(Beginning of DATA FOR PROCESSING)
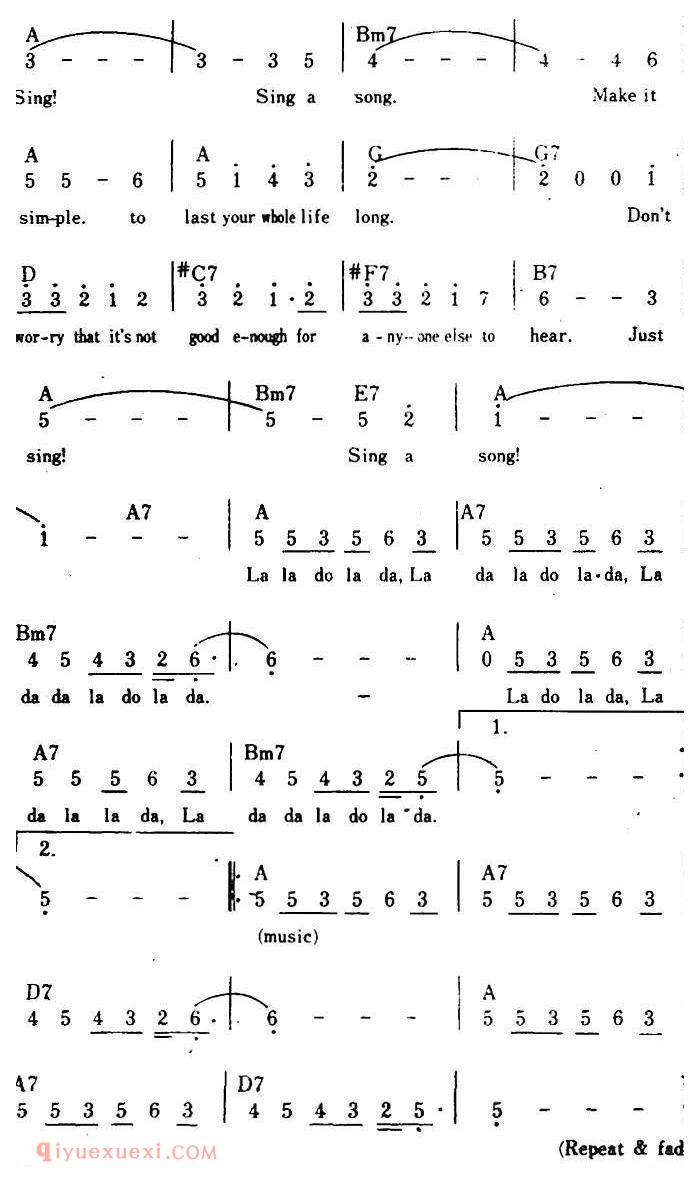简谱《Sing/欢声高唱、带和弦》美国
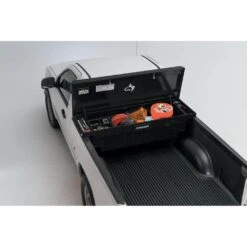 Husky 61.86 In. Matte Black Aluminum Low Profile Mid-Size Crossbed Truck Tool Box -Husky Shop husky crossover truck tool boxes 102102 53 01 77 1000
(End of DATA FOR PROCESSING)
(Beginning of DATA FOR PROCESSING)
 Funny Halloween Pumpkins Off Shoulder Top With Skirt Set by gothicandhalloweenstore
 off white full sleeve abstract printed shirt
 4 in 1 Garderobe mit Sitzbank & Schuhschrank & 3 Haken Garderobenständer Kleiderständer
(End of DATA FOR PROCESSING)
(Beginning of DATA FOR PROCESSING)
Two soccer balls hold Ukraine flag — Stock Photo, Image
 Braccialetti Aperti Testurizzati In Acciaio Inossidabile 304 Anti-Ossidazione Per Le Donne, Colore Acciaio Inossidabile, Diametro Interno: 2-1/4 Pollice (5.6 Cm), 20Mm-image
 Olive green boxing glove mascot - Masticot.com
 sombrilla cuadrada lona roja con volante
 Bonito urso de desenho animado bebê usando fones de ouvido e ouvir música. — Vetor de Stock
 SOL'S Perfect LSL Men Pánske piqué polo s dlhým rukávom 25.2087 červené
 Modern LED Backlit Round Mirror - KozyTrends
(End of DATA FOR PROCESSING)
> EXERCISE GOAL:
Among the lines of the material, find those holding the word "Stock" and return them.

> EXERCISE RESULT:
Two soccer balls hold Ukraine flag — Stock Photo, Image
 Bonito urso de desenho animado bebê usando fones de ouvido e ouvir música. — Vetor de Stock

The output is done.